Friday, October 10, 2014

Making Science and Religion Compatible

It has been said that science and religion are incompatible with each other.  The more you scientifically understand reality and our place in it, the less you need a religious answer to help our understanding of reality.  That being said, though, until we understand the workings of all reality, there may still be a place for religion or God in our thinking.  At the very least, a good definition of God gives us something to aspire to.

In this blog, I want to explore the idea of how science and God can be made compatible.  To begin with, though, I should layout my view of the idea of God and religion.  My personal views are different than most people and I arrived at them over many years of contemplation, but they are still moving and adjusting as I learn more.

I would say that I am anti-religious, but agnostic when it comes to belief in gods.  Having grown-up in a Christian family and society, I still tend to think in terms of the Christian God, but I'm willing to consider all religious gods.  At this time, though, I feel that all religions that I know of have gotten the notion of God wrong and are, therefore, incompatible with science.  The two will naturally butt heads because the two attempt to address how life works, and should work, on a day to day basis.  The day to day workings of reality are the province of science whereas religion should be attempting to answer the Big Question.

The Big Question that all religions attempt to answer is "why are we here?"  All other questions in the religious sense ("is there a God?", "is there an afterlife?", etc.) are in some ways a derivative of this basic question.  In my view, though, the religions have answered this question wrong by being too egocentric in the answer.  The main answer I have heard to this question is "to give glory to God" which, to me, is very egotistical in that it gives us far more importance than we probably deserve.  To think that God has created all of this reality for this one little tiny dot in one small corner of the galaxy which is yet another small part of the universe is, to me, the highest definition of hubris that I could imagine.  Carl Sagan's Pale Blue Dot probably expressed this best.
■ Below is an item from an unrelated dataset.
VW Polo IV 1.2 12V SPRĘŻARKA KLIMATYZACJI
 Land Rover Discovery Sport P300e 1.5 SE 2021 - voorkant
I actually have a larger answer to the Big Question.  My answer is that we are here to become God!  It may take us billions upon billions of years to achieve this, but evolution says that we should eventually achieve this.  This is where I think science and religion can come together.  The religious idea that some higher power created everything and kicked it off then becomes compatible with science.  My answer to the Big Question gives us something to aspire to and continue to use our (some would say God given...) free will to attempt to achieve.

However, there are still questions that I've left unanswered in this that I will explore in the future.